Since late March, the projected cost of Mississippi Power Co.’s Kemper County coal plant has gone from $2.4 billion to $2.8 billion.
The latest figure is the cap the Mississippi Public Service Commission imposed on the project.
David Newell, president of the Central Mississippi Building and Construction Trades Council, said he isn’t surprised. In an interview last week, Newell said the cost overruns should have been expected, given who the contractors were.
“We made these predictions when (MPC) decided to bring in Yates and KBR. A lot of the projects they work on end up with huge overruns and poor-quality work.”
Yates Construction has its headquarters in Philadelphia, with offices around the state. KBR is based in Houston, Texas, and owns a portion of the technology the Kemper facility will use to turn a fuel mixture that includes lignite coal into electricity.
“I understand why the job has gone the way it has,” said Newell, who operates out of Vicksburg. “A lot of the fabrication didn’t work, as far as piping, setting it, it’s been a bad deal all around. I don’t know if that’s poor planning, poor engineering, but they’ve had some labor unrest from Day One. It’s been terrible.”
Spokespeople from each company disputed Newell’s assertion. Yates spokesperson Kenny Bush called Newell’s claims “ridiculous.”
“We’ve been in business for 50 years because we have a lot of pleased owners out there,” Bush said. “We would not have been as successful as we’ve been if we had a history of doing things like that. We’ve done $30 million worth of work on Kemper. So for anyone to think that we’ve been responsible for the cost overruns is ridiculous.”
Marianne Gooch, a KBR spokesperson, and Bush both disputed reports that surfaced in the first week of August that Atlanta-based Southern Co. — MPC’s parent — had fired the two companies from the Kemper project.
Bush said Yates has four contracts with the coal plant , three exclusively under the Yates flag and one that was a joint venture with KBR. The joint venture contract was modified to bring in Baton Rouge-based Performance Contractors. The other three remain in place, Bush said.
KBR, as part-owner of the technology the plant will use, will still provide engineering and start-up services as the plant moves closer to commercial operation, scheduled for May 2014.
“The truth is we were almost done (with the contracting part) anyway,” Gooch said. “If Southern Co. really believed that we did poor-quality work, it would spill over into other elements, and that’s just not the case. The idea that we were fired from the project because we didn’t perform to a certain level could not be farther from the truth. Southern Co. has indicated to us that they are very pleased with our work. Even in private meetings they’ve indicated that. Proof of that is that we’re still active on the project.”

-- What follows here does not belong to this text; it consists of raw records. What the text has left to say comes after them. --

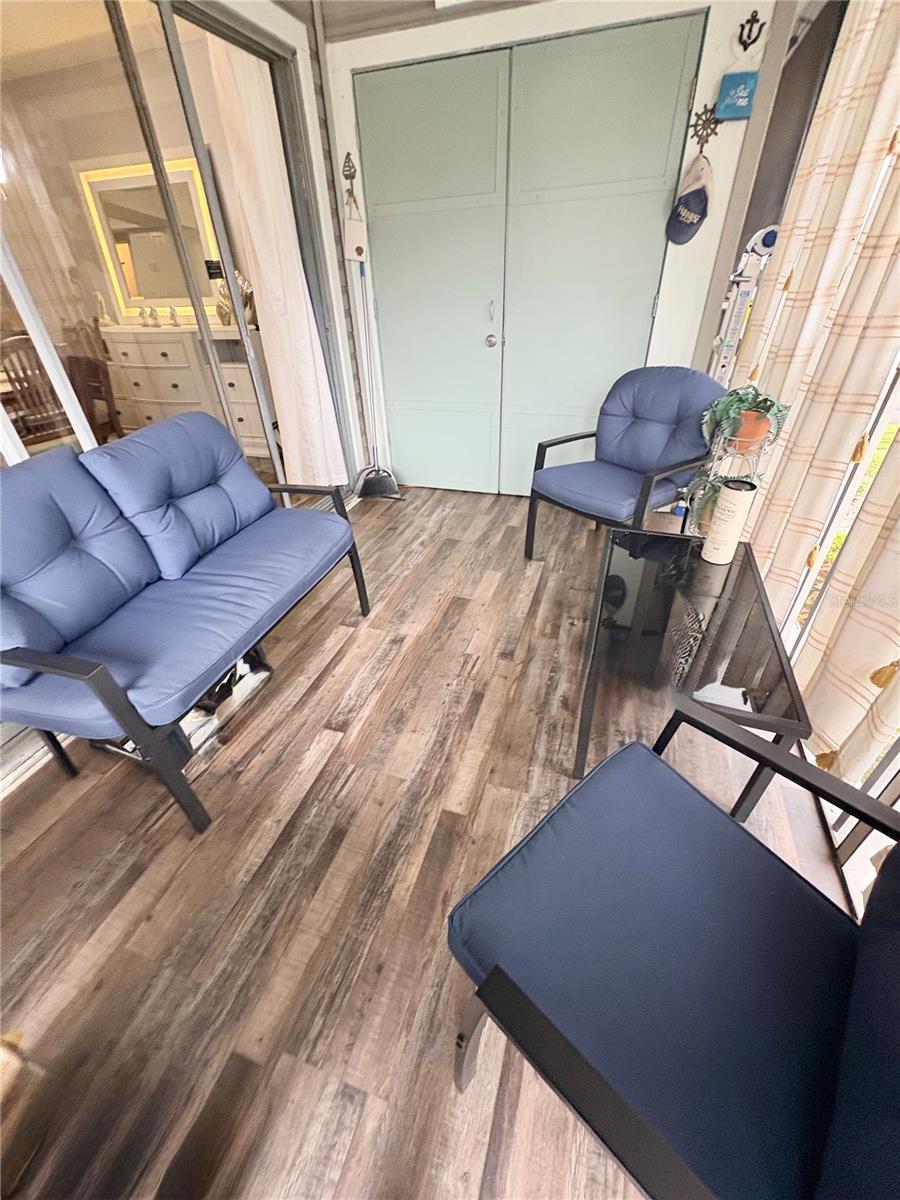 FOXMOOR VILLAGE CONDO - Residential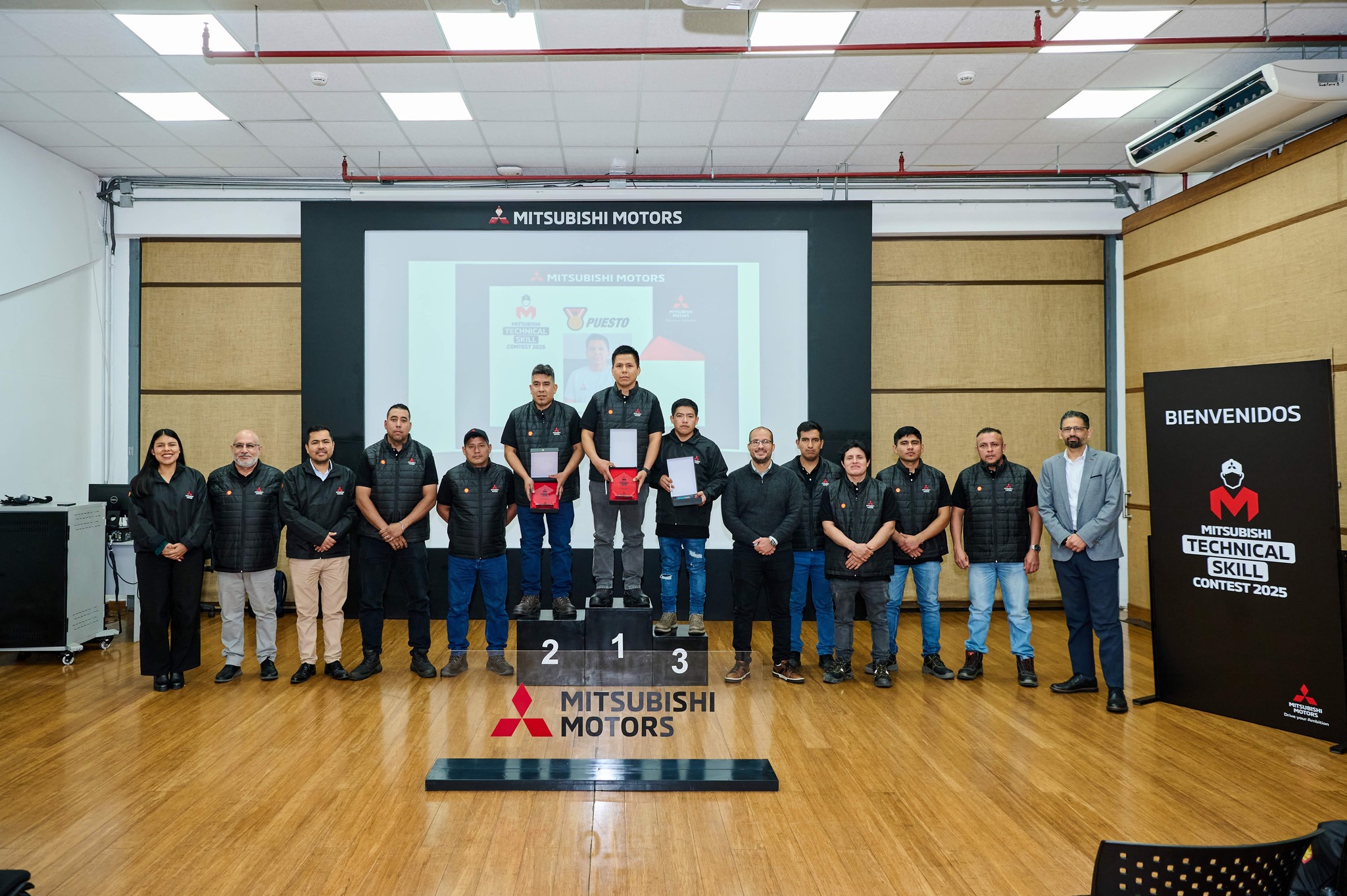 Técnicos de Lima y Trujillo destacan en concurso nacional de habilidades de Mitsubishi Motors Perú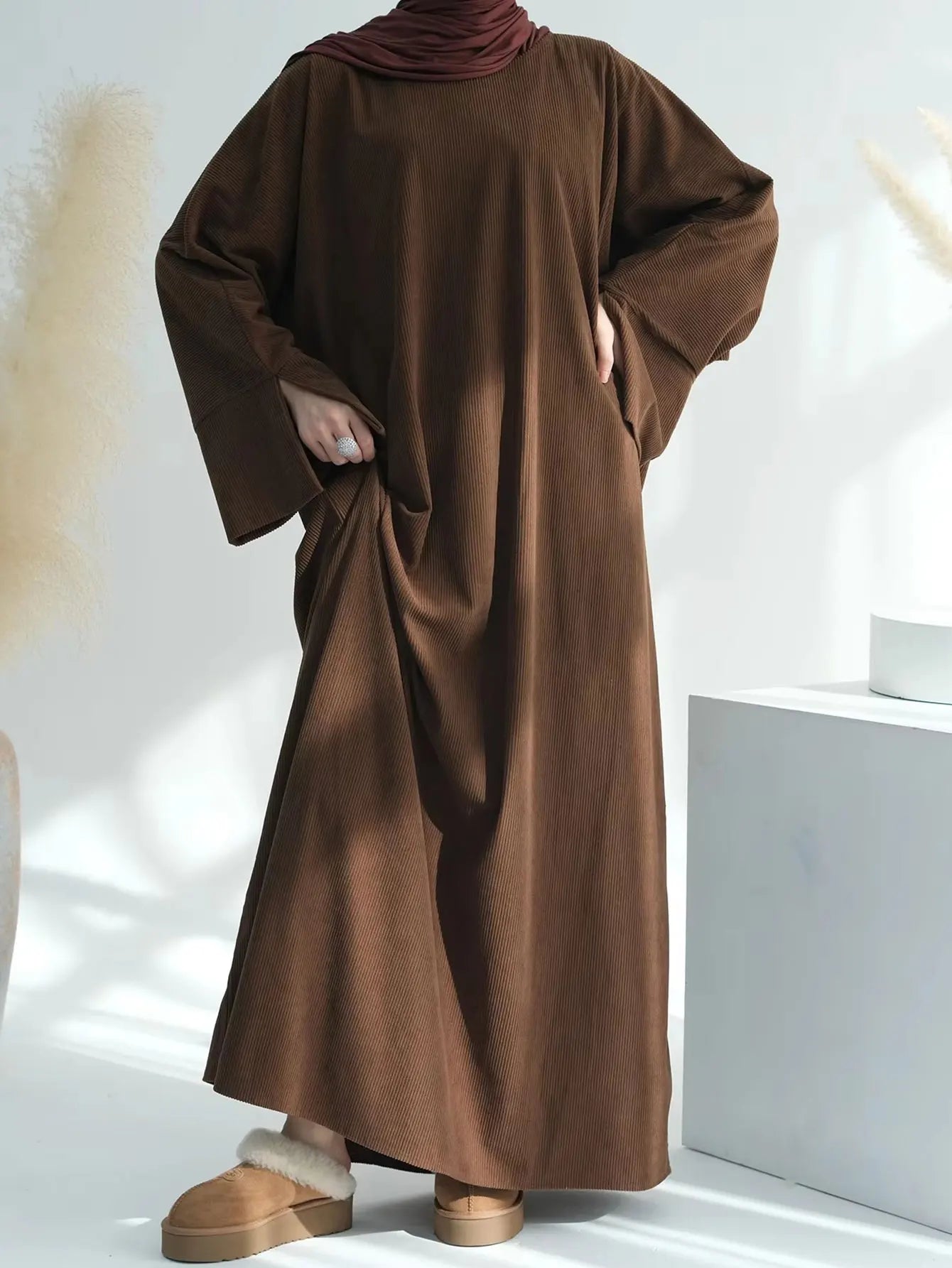 Muslimische Abaya Lang Winter Cord, Klassisches Design, Damen Muslim Kleid, Bescheidene Kleidung, 8 Farben, Einheitsgröße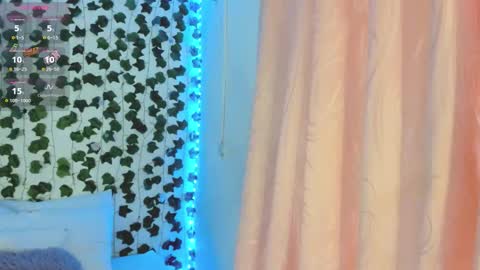 paulina online show from October 12, 2025, 2:27 pm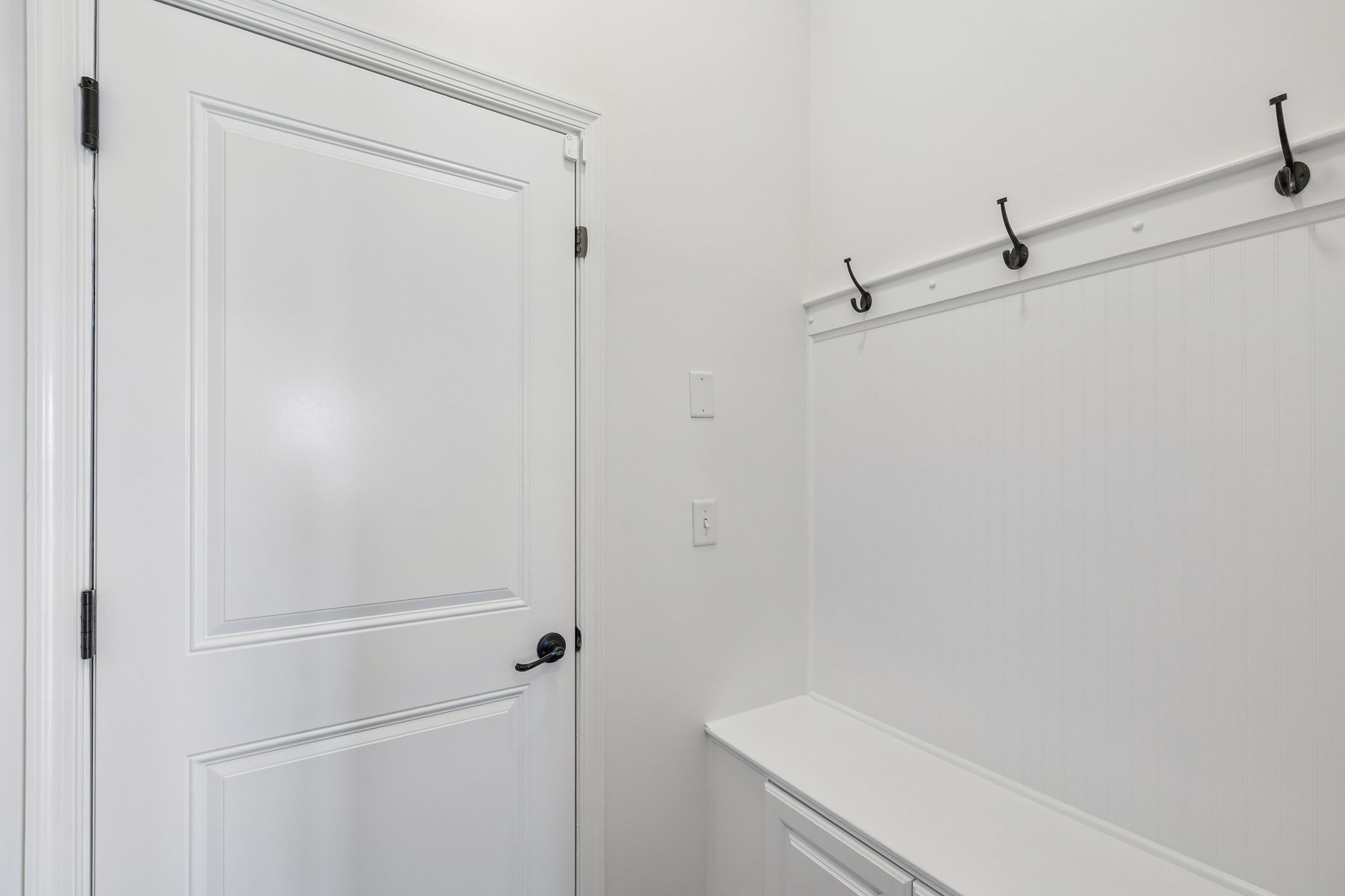 8013 Brookpark Ave Property Photo 29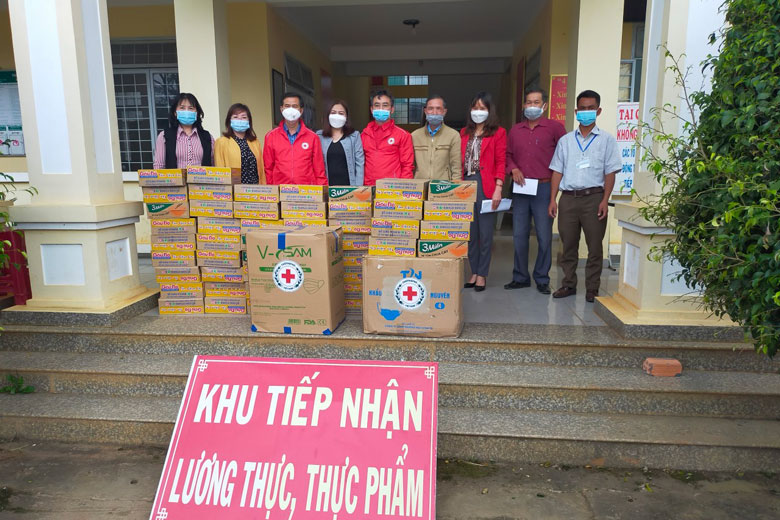 Lãnh đạo Hội Chữ thập đỏ tỉnh, lãnh đạo huyện Đức Trọng thăm, tặng quà người dân thôn Ma Am, xã Đà Loan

KBR employees will have the opportunity to catch on with Performance, Gooch said.
Newell said Performance started a round of interviews with those employees Aug. 8 at a satellite office in Meridian, a few miles south of the job site. Newell said he intended to visit that office late last week to assess that process.
Newell also claims that Southern Co. reneged on a labor agreement established with Newell’s Council.
Newell said while the Kemper project was still winding its way through the PSC-approval process, his organization reached a deal with Southern Co. that the utility would use workers who were either Council members, Mississippi residents or both, if it would throw its support behind the coal plant.
The Council agreed to those terms, Newell said, and spent $50,000 renovating and repairing an old school building near the job site that it would use to train workers, signing a five-year lease in the process. The Council, Newell added, provided the names of 9,000 workers who could potentially work on the project.
“We jumped through every hurdle they asked us to as far as putting together a project-labor agreement,” Newell said. “And when it came down to it, we haven’t received anything. No reason why, we just got the door slammed in our face.” Based upon his trips to the Kemper site, Newell estimated that “about 80 percent” of worker vehicles carried out-of-state tags.
In an Aug. 9 press release, MPC CEO Ed Day said of the 2,000 workers at the Kemper site, more than half were from Mississippi. Overall, Day said, more than 250 Mississippi companies are involved in the project, with Yates being the largest state-based contractor.
Newell said he’s hopeful Southern Co. will agree to use some of the workers on the Council’s list when it comes time to award the plant’s last major contract, which deals with the delivery of the coal from the nearby mine to the plant.
A phone message left with Southern Co.’s media relations office was not returned by the Mississippi Business Journal’s press time last week.